Non-Interest Income. Non-interest income principally consists of gains from the sale of the guaranteed portion of Small Business Administration loans and from deposit account services charges. For the nine months ended September 30, 2009, gains on sales of the guaranteed portion of SBA loans were $164.4 thousand whereas gains on sales of SBA loans amounted to $222.1 thousand during the first nine months of 2008. Generally, the Bank desires to sell the guaranteed portion of most additional SBA loans resulting in a continuing stream of income that may vary significantly from quarter to quarter, depending in part upon the volume of loans actually sold. Deposit account service charges amounted to $338.6 thousand during the nine months ended September 30, 2009 as compared to $180.7 thousand for the same period in 2008 reflecting higher service charges assessed on deposit account activities. The Company increased service charge rates as well as chargeable items during 2009.
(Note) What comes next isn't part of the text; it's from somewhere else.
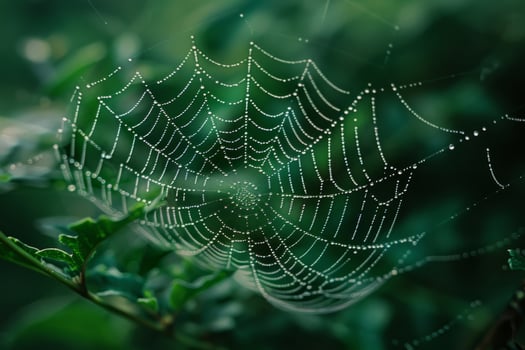 Dewdrops on Spider Web in Lush Greenery photo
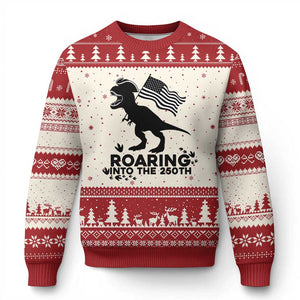 Funny Patriotic Dinosaur Ugly Christmas Sweater Roaring Into The 250th Anniversary TS12 Beige Red Print Your Wear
Non-Interest Expense. Non-interest expense increased by $194.1 thousand during the nine month period ended September 30, 2009 as compared to the same period in 2008, a 5.0% increase. The increase in FDIC insurance assessments of $258.5 thousand, including $86.6 thousand in special assessment paid and $43 thousand of possible special assessments accrued for the fourth quarter of 2009, was the primary cause of the increase in non-interest expense for the nine months ended September 30, 2009. The status of further special insurance premium assessments is unknown as the FDIC continues to consider strategies to increase its liquidity and capital reserves, including the potential requirement to prepay three years of premiums.
Non-Interest Income. For the three months ended September 30, 2009, gains on sales of the guaranteed portion of SBA loans were $46.9 thousand whereas gains on sales of SBA loans amounted to $92.1 thousand during the same period in 2008. Deposit account service charges amounted to $130.8 thousand during the three months ended September 30, 2009 as compared to $63.8 thousand for the same period in 2008 reflecting higher service charges assessed on deposit account activities. The Company increased service charge rates as well as chargeable items during 2009.
General. The Companys assets at September 30, 2009 were $195.3 million, an increase of $28.7 million or 17.2%, from December 31, 2008. Gross loans totaled $179.8 million is comprised of real estate loans of $113.1 million, an increase of $26.8 million, or 17.5%, from December 31, 2008 and commercial loans of $66.7 million, an increase of $7.9 million, or 13.5% from December 31, 2008. At September 30, 2009, deposits totaled $173.7 million an increase of $28.5 million, or 19.5%, from December 31, 2008. Deposits at September 30, 2009 are comprised primarily of certificates of deposit of $135.8 million, NOW and Money Market accounts of $9.3 million, savings accounts of $7.0 million and noninterest bearing deposits of $21.6 million.